Prove that 1+i is one of the roots of z^4=-4.
Given the function z^4 = -4
We need to determine if 1+ i is a root of z^4 = -4.
Let us substitute;
(1 + i )^4 = -4
==> Let us rewrite the power.
=> [(1+ i)^2 ]^2 = ( 1+ 2i + i^2 )^2
But we know that i = sqrt-1 ==> i^2 = -1.
==> ( 1+ 2i + i^2)^2 = (1+ 2i -1) ^2
= 4*-1 = -4
Then we proved that if z^4 = -4.
Then (1+i) is one of the roots of the equation.
To prove that a number is a root of an equation, we'll have to prove that substituted the number into the equation, it will cancel the equation.

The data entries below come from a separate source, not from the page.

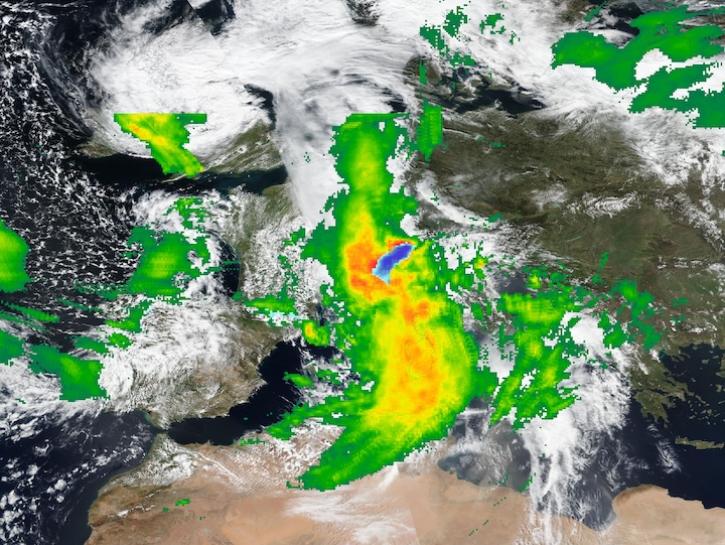 True-color corrected reflectance image from the VIIRS instrument aboard the Suomi NPP satellite overlaid with IMERG Precipitation Rate showing heavy rains and snow over Central Europe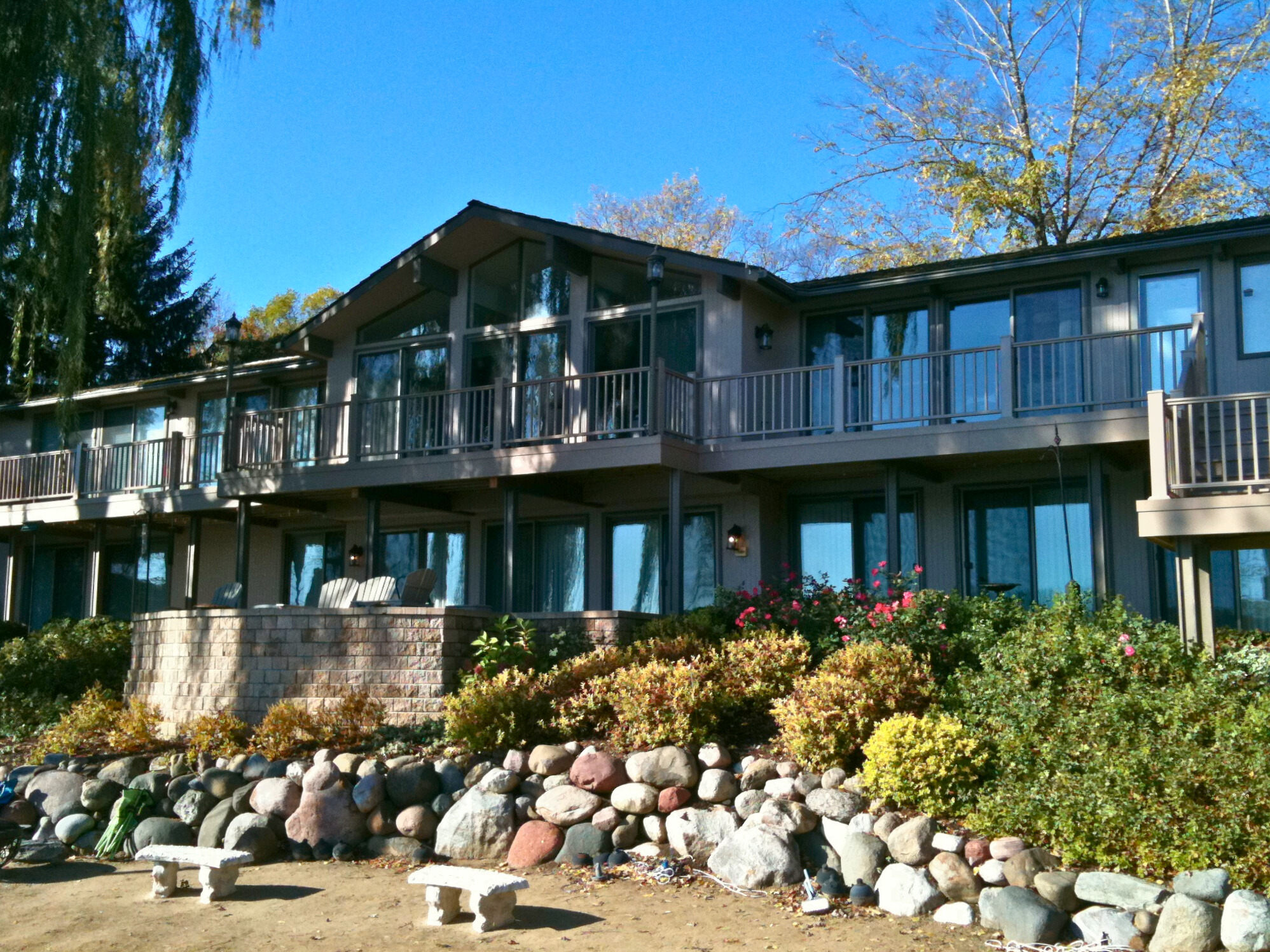 Multi-level composite deck on a lakefront home in Libertyville IL, built by a local deck builder.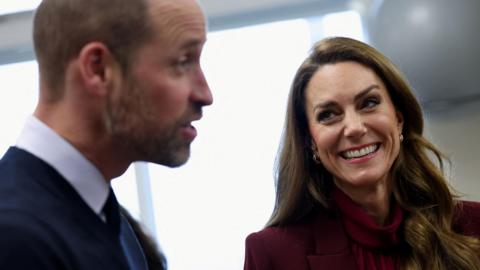 The Prince and Princess of Wales, joint Patrons of NHS Charities Together, during a visit to Charing Cross Hospital, west London. William is pictured to the left of the image and is looking to the right, with his eyebrows raised. Catherine is on the right, smiling at him. Her long brown hair is down and she is wearing a burgundy trouser suit.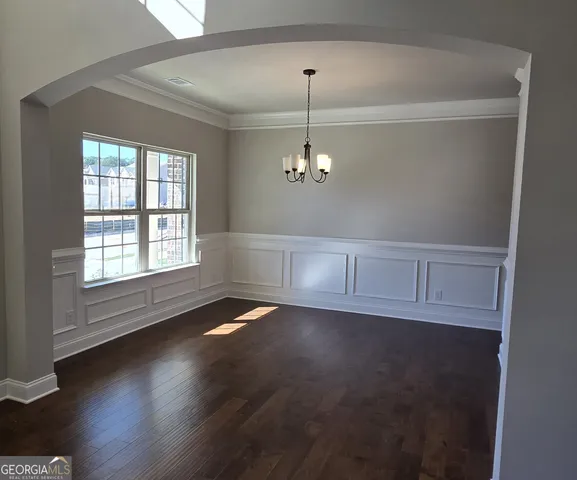 an empty room with wooden floor chandelier and windows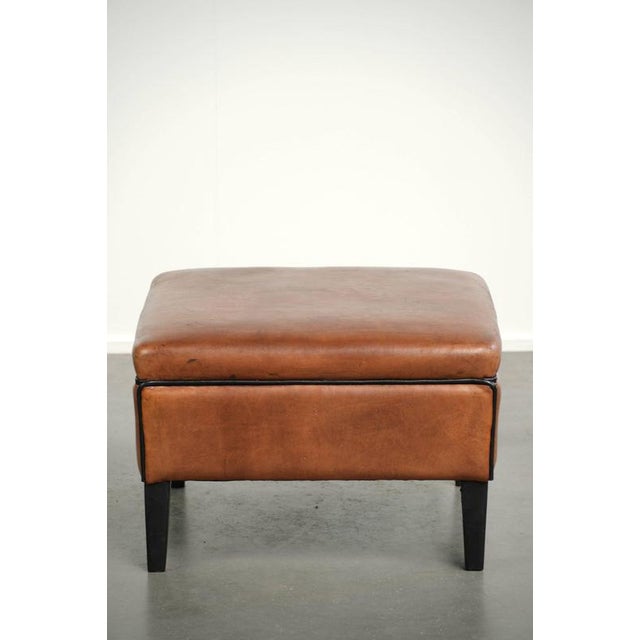 This sheepskin ottoman is versatile, features a warm cognac color, and is finished with black piping. A footstool, also...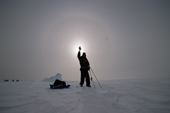 Ecotourist hold his hand in front of a sun halo. Weddell Sea. Antarctica.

Let's check if the number (1+i) is the root of the equation, namely if it cancels the equation z^4 + 4=0.
(1+i)^4 + 4=0
So, (1+i)^4 = -4
We know that in order to raise a complex number to a power, we'll have to put the number in polar form, so that Moivre's formula to be applied.
We'll write (1+i) into it's polar form.
We know that a complex number written into it's polar form, has the following form:
z=r*(cos t+ i*sin t), where r=sqrt(a^2+b^2) and tg t= (b/a)
So, for the number 1+i, r=sqrt(1^2 + 1^2)=sqrt 2
tg t= 1/1=1, so t= pi/4
1+i=sqrt 2*(cos (pi/4) + sin(pi/4))
(1+i)^4=(sqrt 2)^4*(cos (pi/4) + i*sin(pi/4))^4
We'll apply Moivre's formula and we'll have:
(1+i)^4=(sqrt 2)^4*(cos 4*(pi/4) + i*sin4*(pi/4))
(1+i)^4=2*2*(cos pi + i* sin pi)
(1+i)^4=-4 q.e.d, so 1 + i is the root of the equation z^4 + 4=0.